From the first line to the last, restate the material word for word, omitting pictures.

*Information provided:*
________
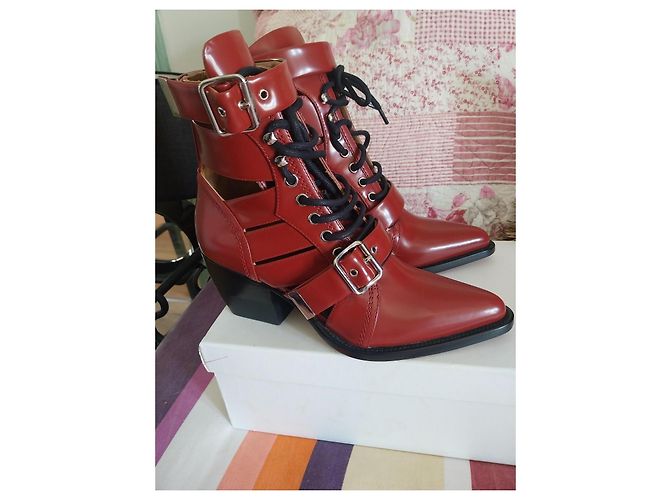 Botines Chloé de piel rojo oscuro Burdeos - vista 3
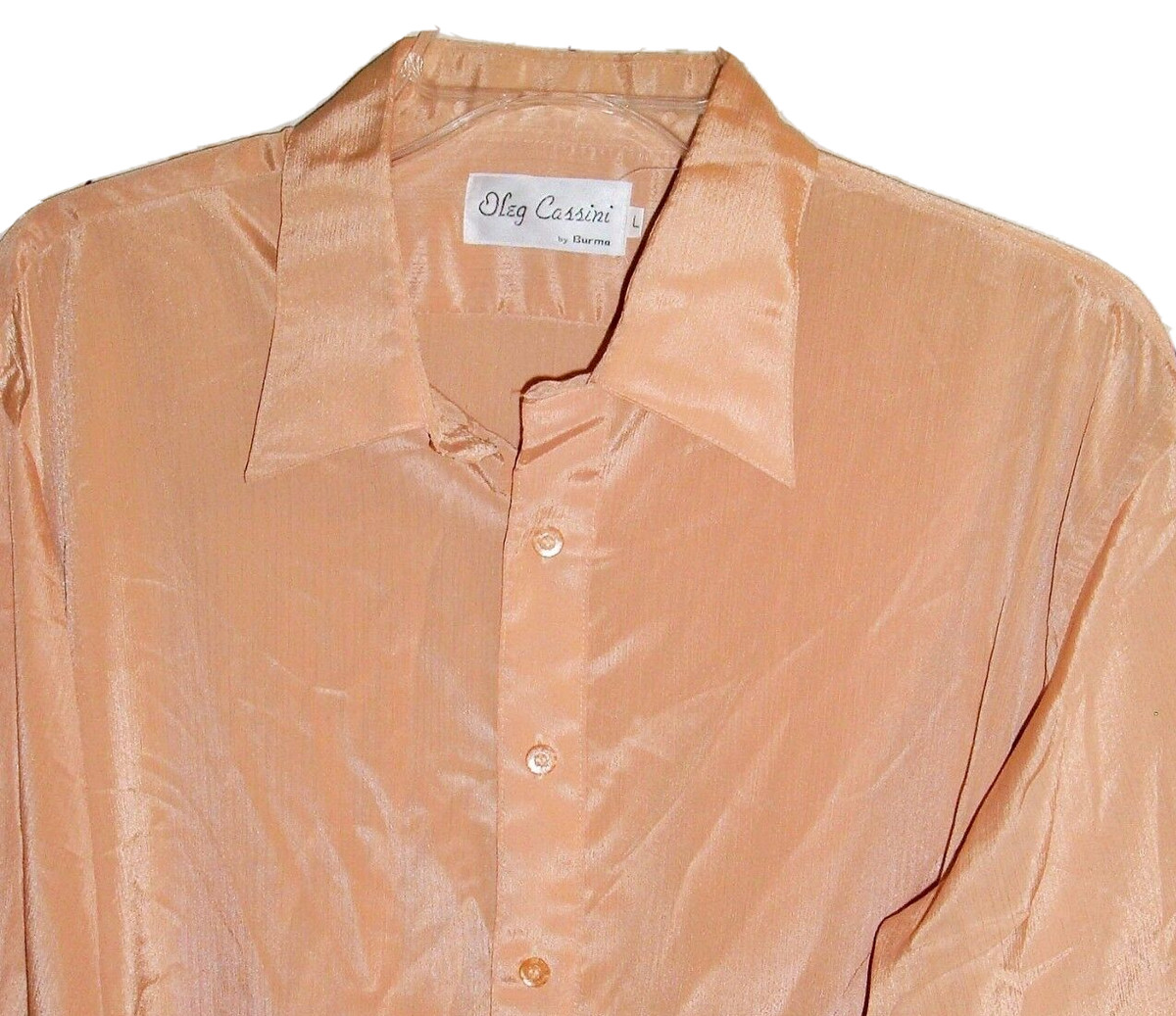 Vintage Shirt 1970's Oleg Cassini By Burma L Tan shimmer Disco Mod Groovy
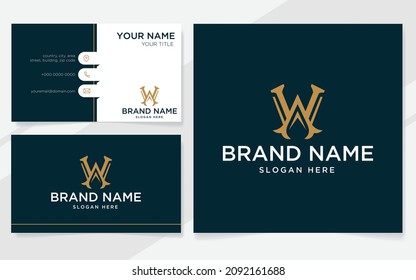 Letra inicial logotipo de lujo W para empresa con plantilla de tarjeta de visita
________
*Completed task:*
 Botines Chloé de piel rojo oscuro Burdeos - vista 3
 Vintage Shirt 1970's Oleg Cassini By Burma L Tan shimmer Disco Mod Groovy
 Letra inicial logotipo de lujo W para empresa con plantilla de tarjeta de visita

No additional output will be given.